In: Statistics and Probability
A popular blog reports that 42% of college students use Twitter. The director of media relations at a large university thinks that the proportion may be different at her university. She polls a simple random sample of 200 students, and 101 of them report that they use Twitter. Can she conclude that the proportion of students at her university who use Twitter differs from 0.42? Answer by showing the five steps of signigicance test, allowing a Type I error rate of 0.05.
Given that,
possibile chances (x)=101
sample size(n)=200
success rate ( p )= x/n = 0.505
success probability,( po )=0.42
failure probability,( qo) = 0.58
null, Ho:p=0.42
alternate, H1: p!=0.42
level of significance, α = 0.05
from standard normal table, two tailed z α/2 =1.96
since our test is two-tailed
reject Ho, if zo < -1.96 OR if zo > 1.96
we use test statistic z proportion = p-po/sqrt(poqo/n)

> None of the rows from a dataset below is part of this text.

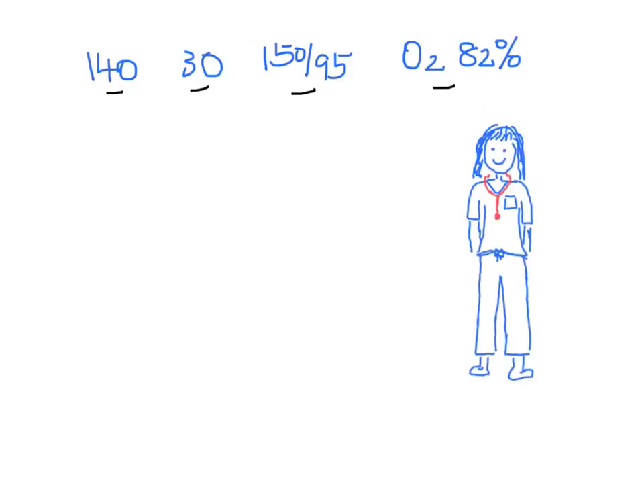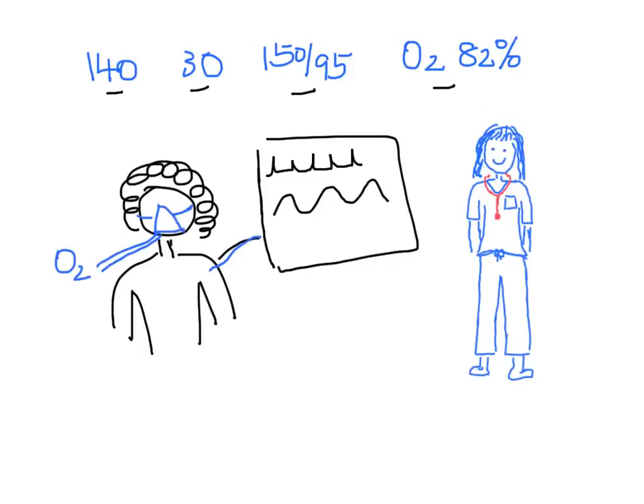You put the patient on a cardiac monitor and give her oxygen by Venturi mask. Her SAT goes up to 90%.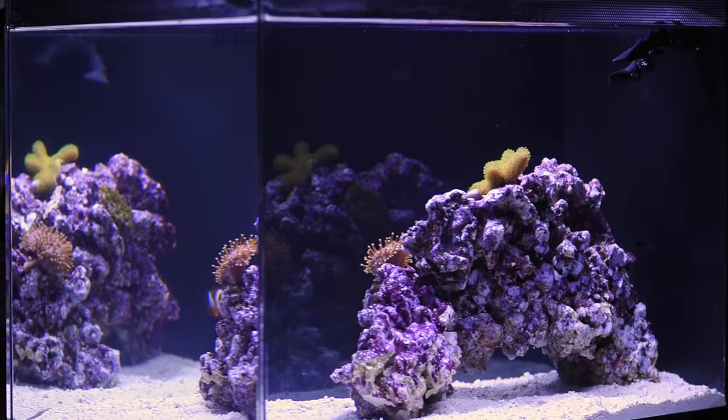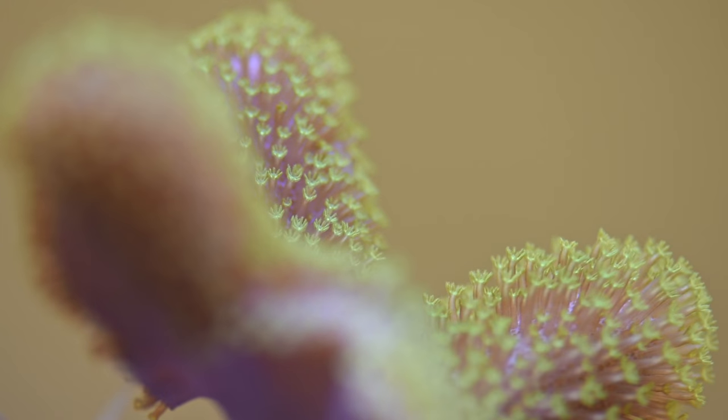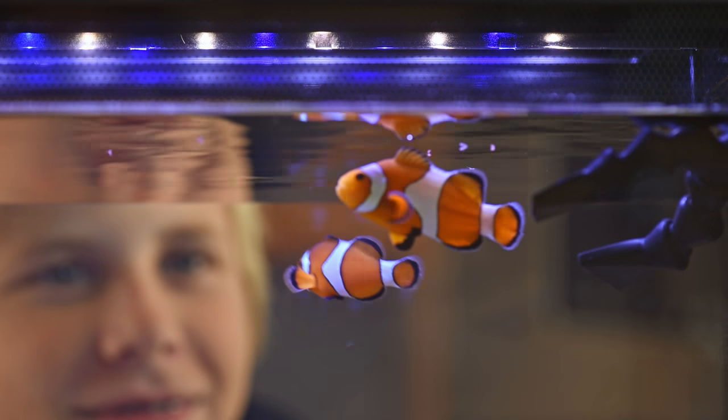The Biota Aquarium is the first saltwater tank to be offered as a total package with sustainably aquacultured fish and live rock included. Let us bring the passion into your home or office with the Biota Aquarium.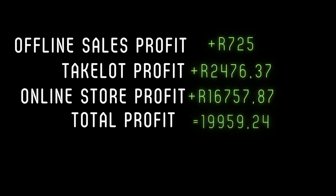The total profit I made from my offline sales, Takealot, and my online store amounted to a total of 19,959 Rand and 24 cents. I hope this video gives you an idea of what you can expect when selling products on your own online store or on Takealot. If you have any questions, please leave them in the comments and I'll try my best to get back to you. Please like this video and don't forget to subscribe. Thank you for watching — I'll see you in the next one.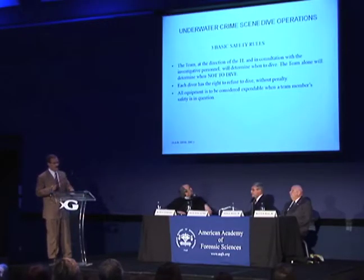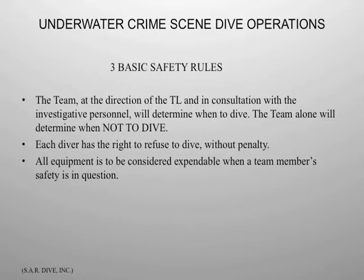Three basic safety rules. The team, at the direction of the team leader and in consultation with the investigative personnel, will determine when to dive. The team alone will determine when not to dive. So if the team decides this is not a good place to dive — this is a very, very bad area, there are a lot of problems — they can call no joy. Done. Will not happen.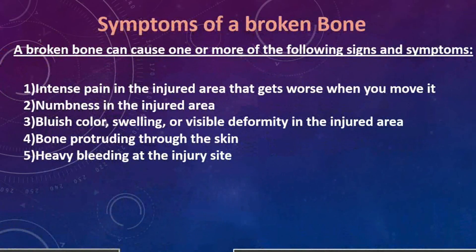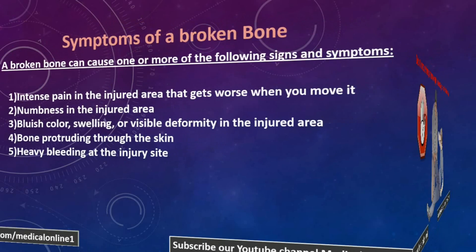What are the symptoms of a broken bone? 1. Intense pain in the injured area that gets worse when you move it. 2. Numbness in the injured area. 3. Bluish discoloration, swelling, or visible deformity in the injured area. 4. Bone protruding through the skin. 5. Heavy bleeding at the injury site.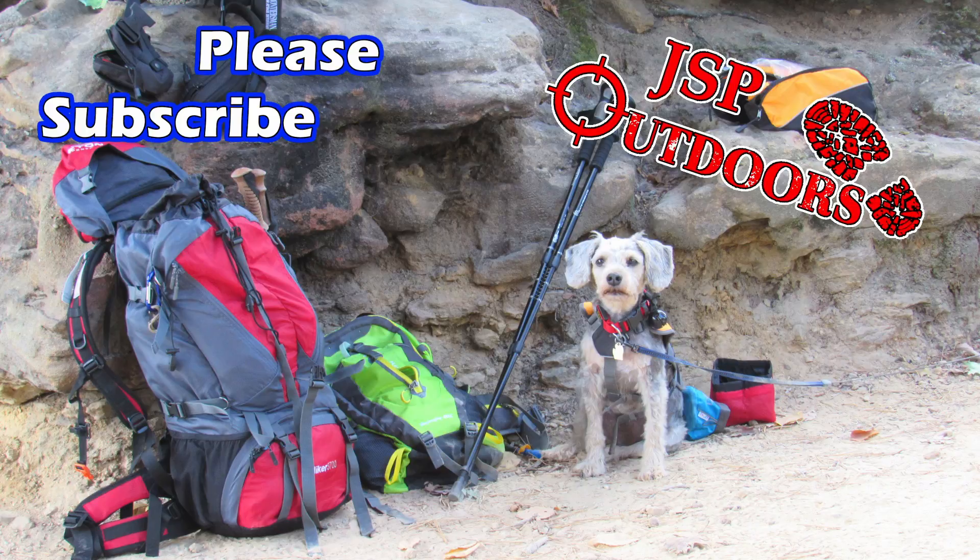Thanks for watching! If you enjoyed this video, please like, subscribe, and share it with your friends. Check out some of my other outdoor adventure videos — I have a lot of fantastic content to come covering hiking, bushcraft, and all things outdoors. Stay tuned!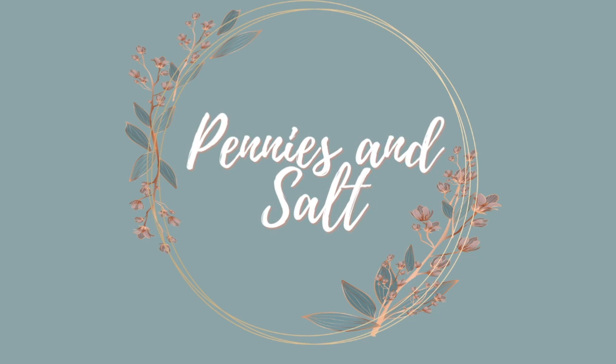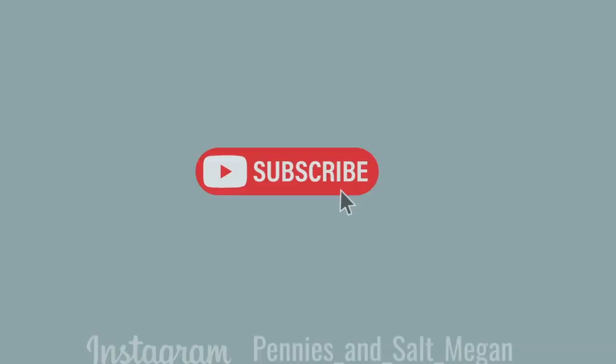Hello guys and welcome back to my channel. Today I'm going to be sharing with you guys what we are doing for family subjects in our homeschool for next school year, the 2022-2023 school year. Specifically I am going to be sharing what we are going to be using as a family for history and for science.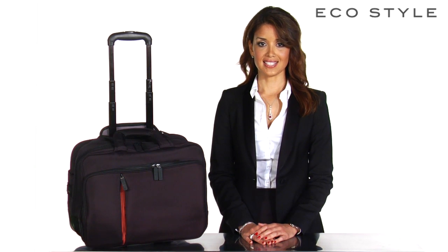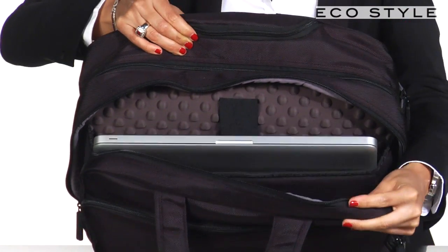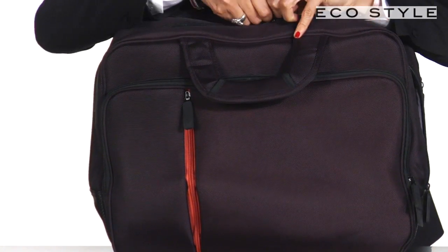The EcoStyle Luxe Rolling Case is a sleek and sophisticated case dedicated to protecting any laptop up to 15.6 inches. The exterior is made of the highest grade ballistic nylon, while the laptop compartment is made using a high density premium EVA, giving your laptop superior protection on all sides.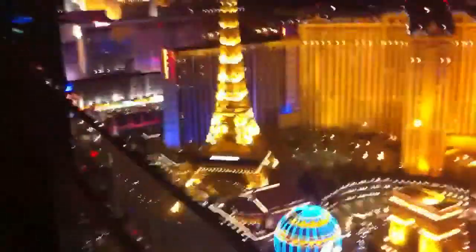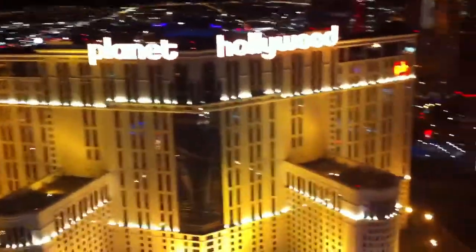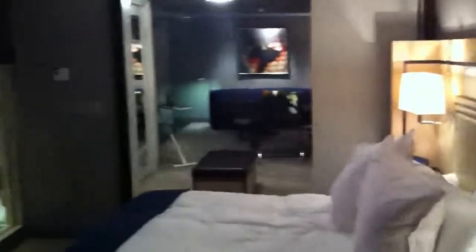I'd like to show you the view from my suite here in Las Vegas. This balcony is ridiculous. You can't really see it here, but there it is in all its glory. Bam! There it is. Directly across from Planet Hollywood, we got the MGM Grand and whatnot over there. Cool room, huh? There's a long shot of the whole deal. Wacky bathroom.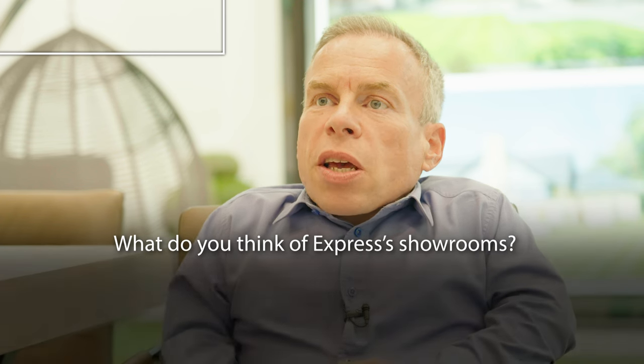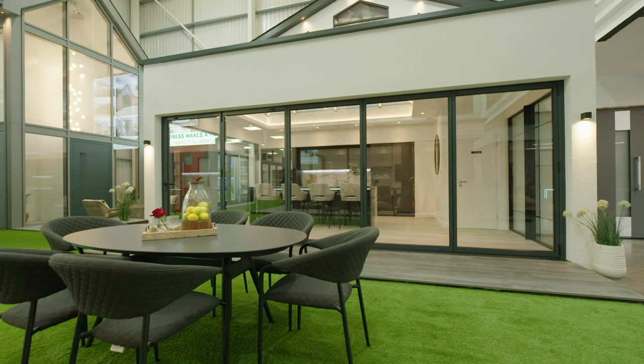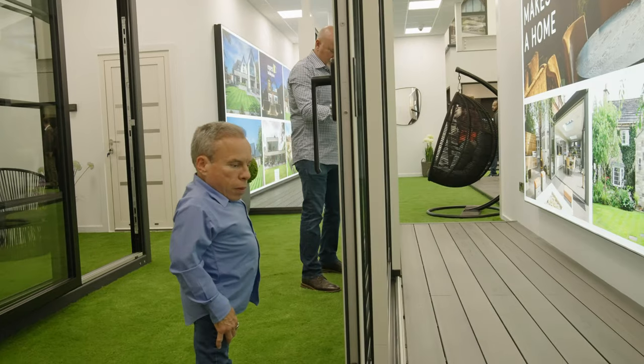I'm pretty impressed with these Express bi-folding door showrooms, firstly because they display the products really well. Demonstrating them in a kind of home environment is what you need, because the old way of selling doors and windows was having a little section of one — it never really gave an example of what they could do and how beautiful they can make a space.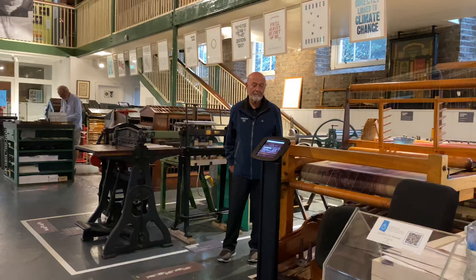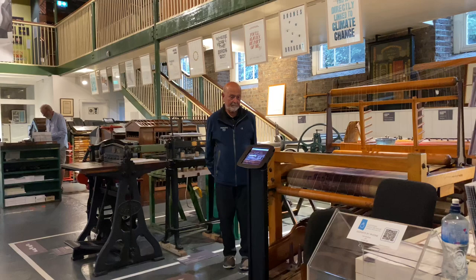Welcome to the National Print Museum. We're here since 1996, and we are the only National Print Museum in Ireland.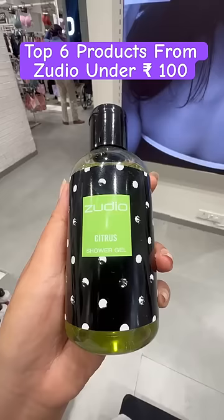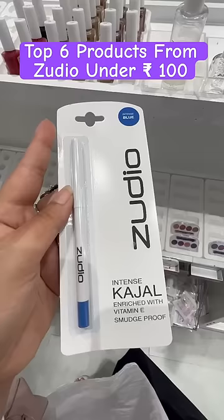After that, this shower gel — see how cute it was! This was 200ml for Rs.99. Third is this intense blue kajal which is only Rs.79.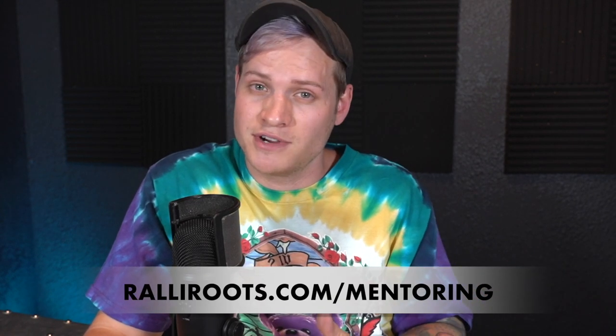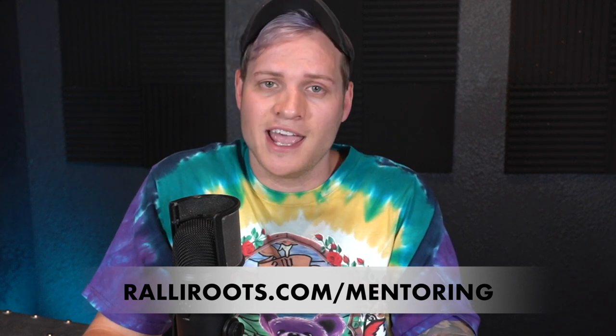A lot of you guys have been messaging me asking when we're going to open up our mentoring program again. We are scheduled to open that back up at the end of August — we'll open up another 75 spots, let people in, and then close it again. If you're interested, simply go to rallyroots.com/mentoring, put your email on the waiting list and you'll get an email when we open up those spots. That's not something you have to do — we didn't do it with any mentoring, we just pushed our way through it and learned as we went. There are lots of good YouTube videos like this that you can watch and learn yourself. A mentoring program is just a little extra boost — it's like a cheat sheet to get you to where you want to go faster.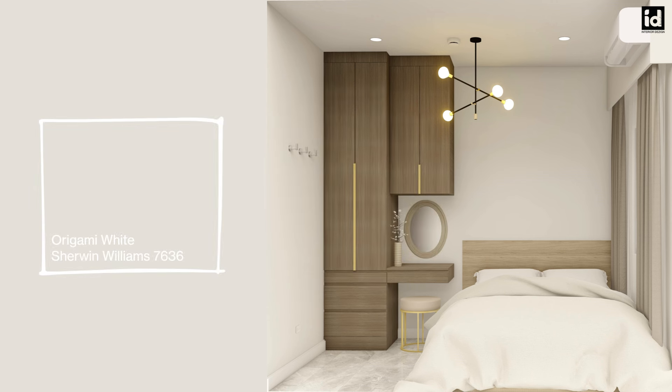Number one: Sherwin-Williams Origami White is a smooth and creamy wall color that's perfect for your bedroom walls. It has a tinge of gray as an undertone, so it blends nicely with any bedroom decor.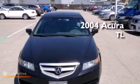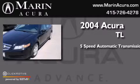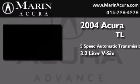This is a 2004 Acura TL. This car has a 5-speed automatic transmission and a 3.2-liter V6.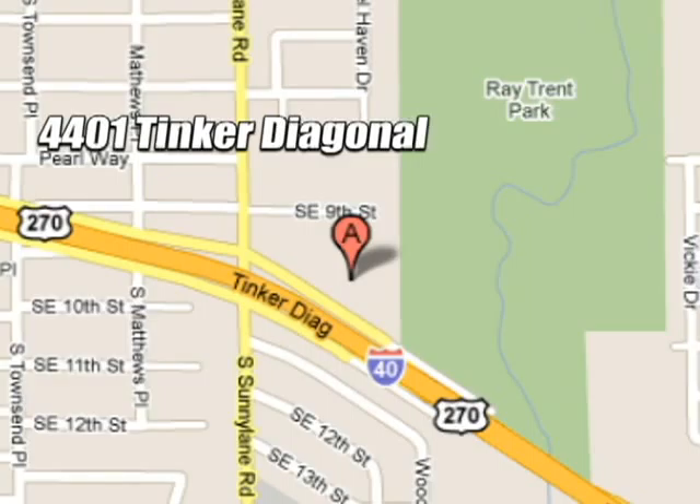We work hard to serve our customers and to cultivate long-lasting relationships. Visit AutoMax Hyundai Dell City today at 4401 Tinker Diagonal in Dell City, Oklahoma.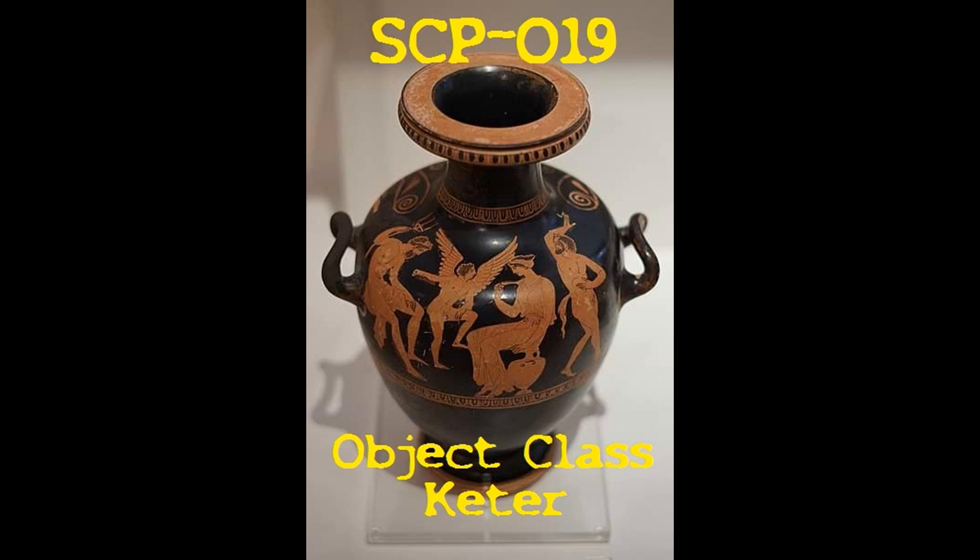All other captured specimens have followed similar patterns of behavior and demise. Note: it appears that SCP-019-2 specimens were not intended to live for meaningful amounts of time outside of SCP-019. — Dr. Vox. Date: blank.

zo=0.505-0.42/(sqrt(0.2436)/200)
zo =2.4355
| zo | =2.4355
critical value
the value of |z α| at los 0.05% is 1.96
we got |zo| =2.436 & | z α | =1.96
make decision
hence value of | zo | > | z α| and here we reject Ho
p-value: two tailed ( double the one tail ) - Ha : ( p != 2.43554 )
= 0.01487
hence value of p0.05 > 0.0149,here we reject Ho
ANSWERS
---------------
null, Ho:p=0.42
alternate, H1: p!=0.42
test statistic: 2.4355
critical value: -1.96 , 1.96
decision: reject Ho
p-value: 0.01487
we have enough evidence to support the claim that the proportion of
students at her university who use Twitter differs from 0.42
type 1 error is possible because it reject the null hypothesis.